Task to complete> Where the line containing "Toilet in Halmstad" appears below, start there and repeat each line exactly to the end. Leave the pictures out.

Material provided>
Start of Block

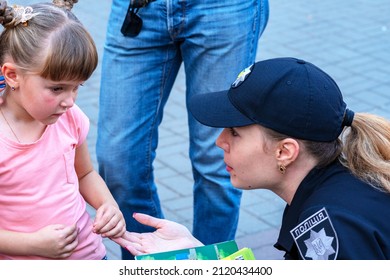  The  Police Officer Talking To An Upset Child. The Cop Helps The Girl. The Concept Police Loves Children. Vinnytsia, Ukraine. 22.10.2018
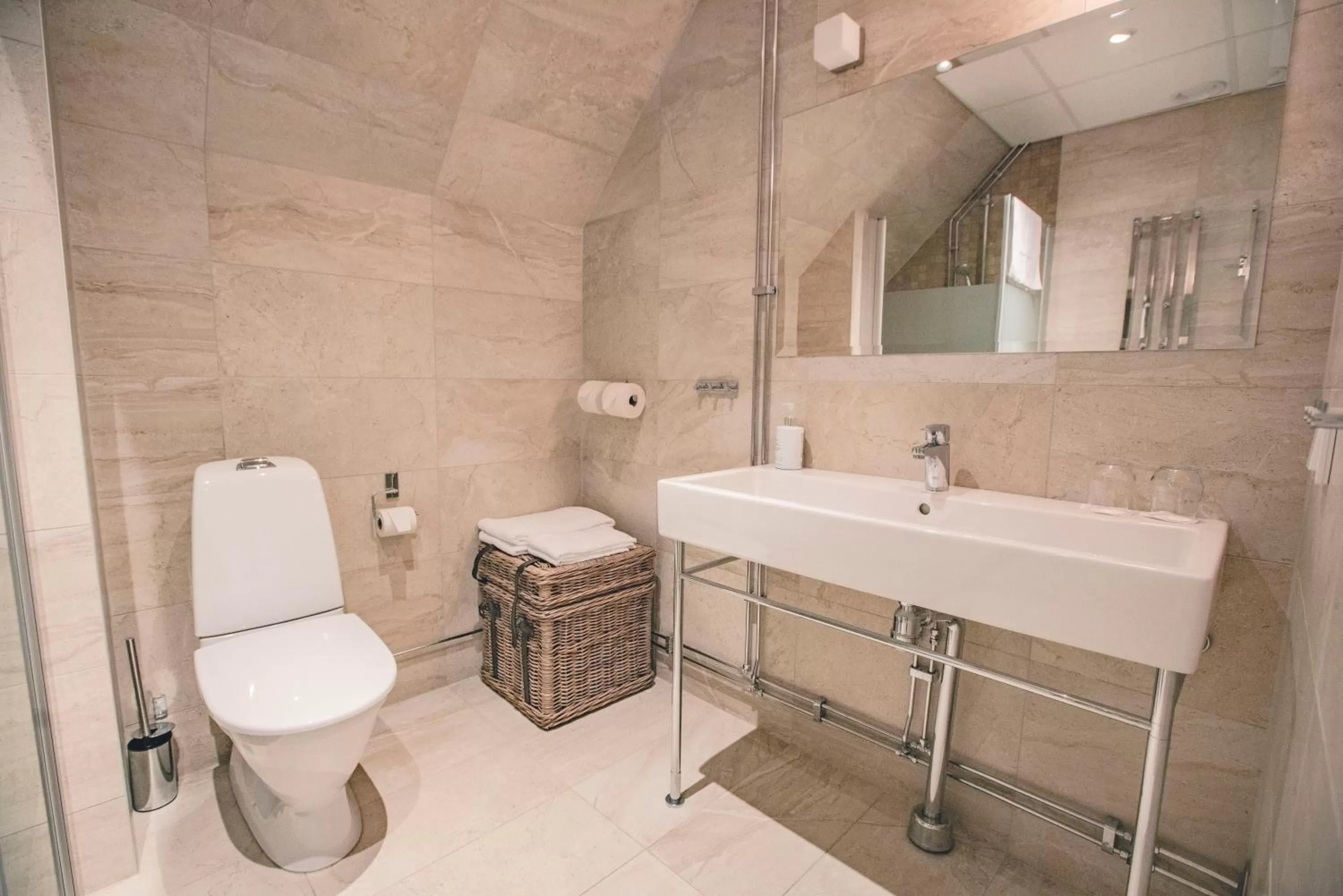 Toilet in Halmstad Golfarena Hotell & Lägenheter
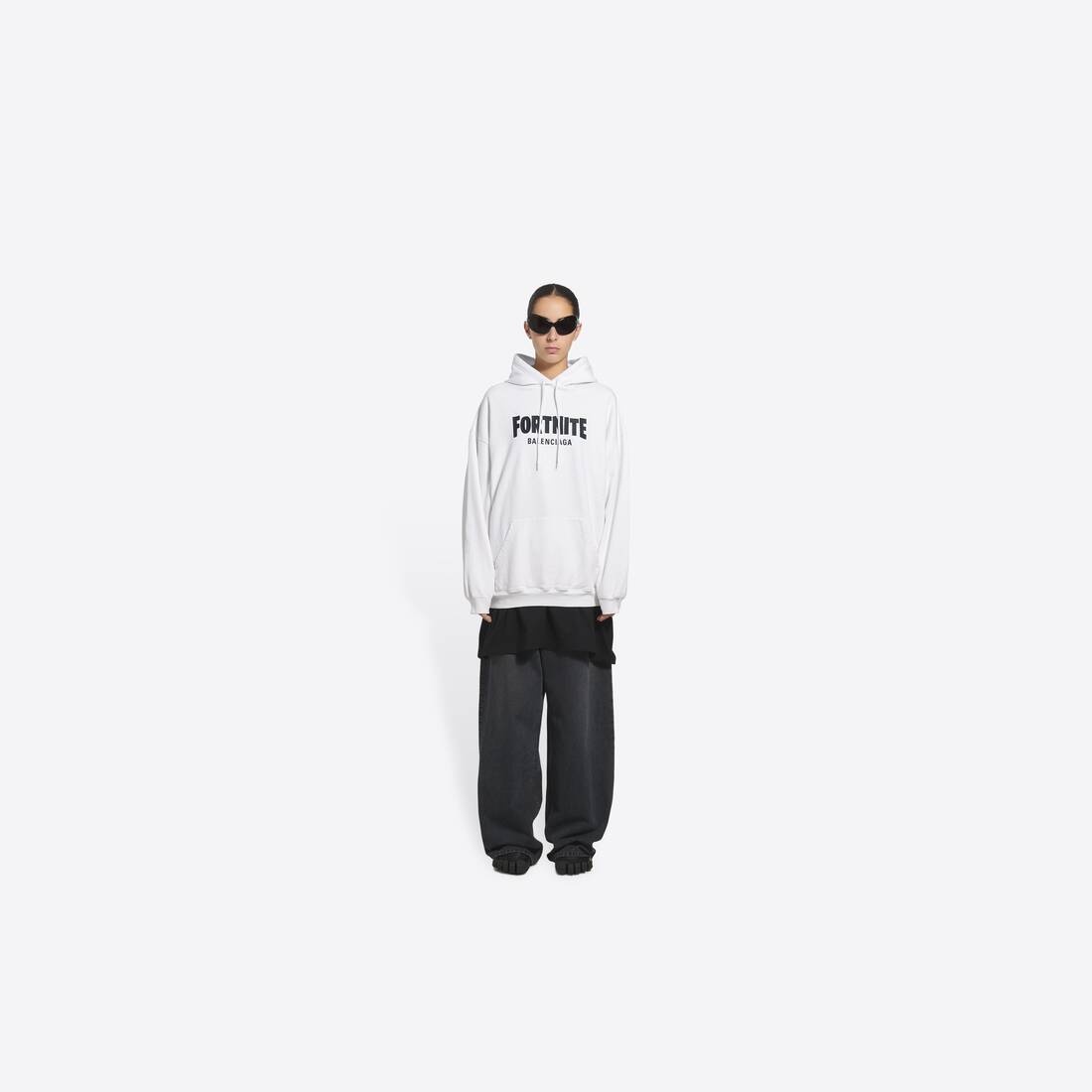Fortnite©2021 Hoodie Medium Fit in White - 6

End of Block

Worked solution>
 Toilet in Halmstad Golfarena Hotell & Lägenheter
Fortnite©2021 Hoodie Medium Fit in White - 6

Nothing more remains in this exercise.